First roll - 1/6 chance of a 6, 5/6 of not.
Second roll, no 6 - ditto - (5/6)(5/6)=25/36 = 0.69
Third roll, no 6 - (5/6)(5/6)*(5/6)=125/216=0.57 Pretty close to half.
Fourth - 5^4/6^4=625/1296=0.482
So by the fourth roll there is a better than 50% chance it includes a 6, and a 0.48 chance there is still no 6.
My guess is N/2, and if N is even, (N/2)+1
True.
???
ETA OK, I think what you are getting at is: the MEDIAN number of rolls to get a 6 is 4. Half the time it will be less than that, and half the time it will take more. But that is not what is meant by the expectation.
You are missing that the odds of it taking a relatively long time to get a 6 aren’t really that low.

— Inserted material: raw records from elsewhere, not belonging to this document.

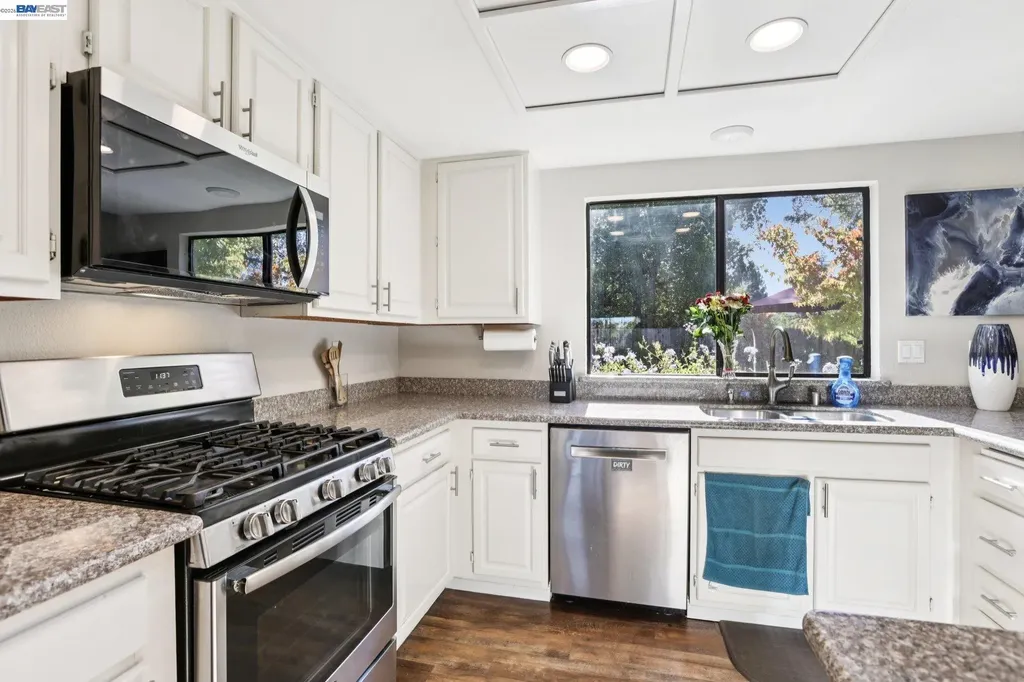 300 Lodgepole Court Martinez CA 94553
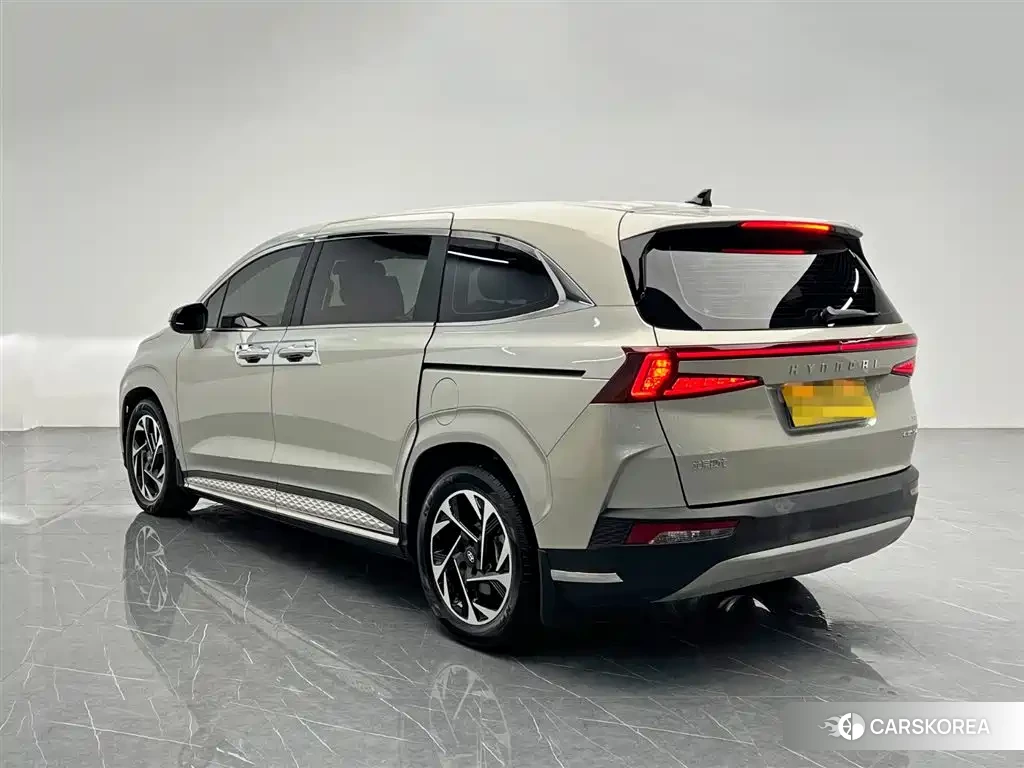 Hyundai Custo 2022 Champagne/brown из Китая, фото 3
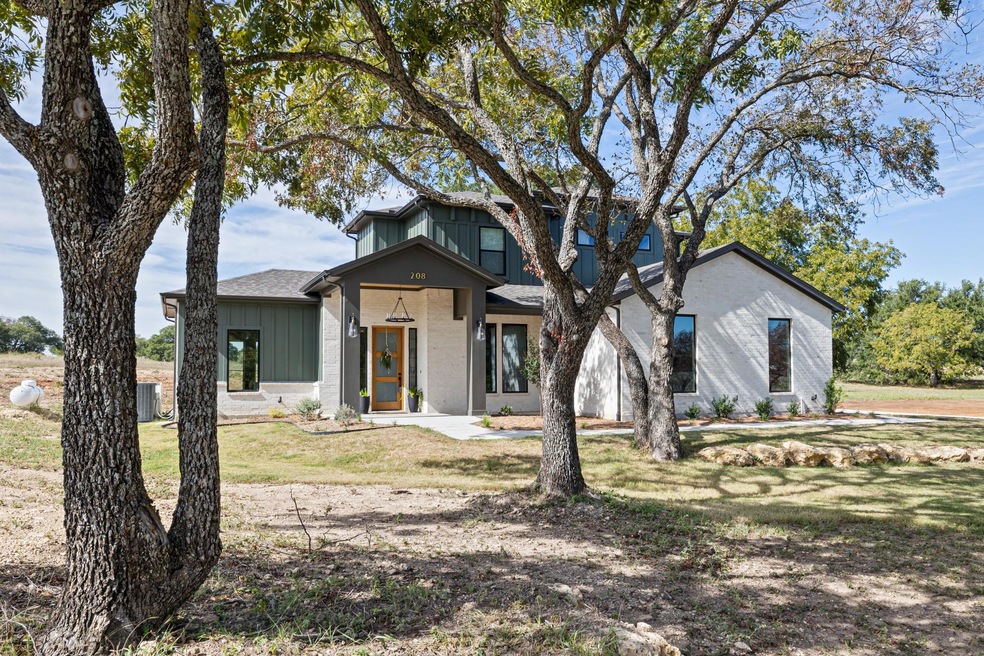 208 Greene Rd, Weatherford, TX 76087 - photo 1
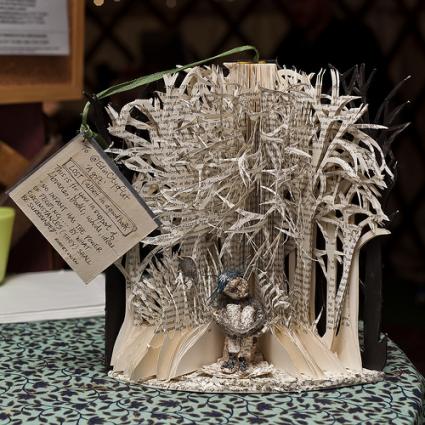 ESCULTURAS HECHAS CON LIBROS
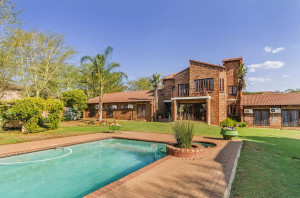  Vacation Hub International | Peter's Guesthouse Main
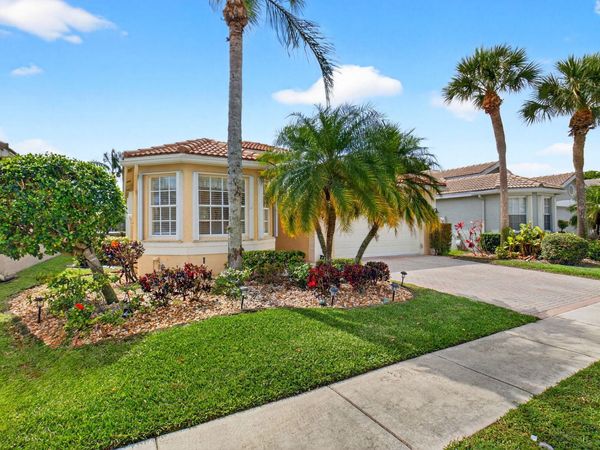 7350 Cortes Lake Drive, Delray Beach, FL 33446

This is the “fat tail” mentioned above.
For example, the odds you don’t get a 6 in the first 10 rolls is 16%. The odds you don’t get one in 20 rolls is nearly 3%. It’s summing up all of those “long streaks” that makes the mean number of rolls 6 (or N for an N-sided die).
Also, if you set (1-p)^x = 1/2 you get x=-\log 2/\log(1-p), not N/2. Though if p is small then N\log 2 is a good approximation. (But log(2) is much bigger than 1/2, around 0.69.)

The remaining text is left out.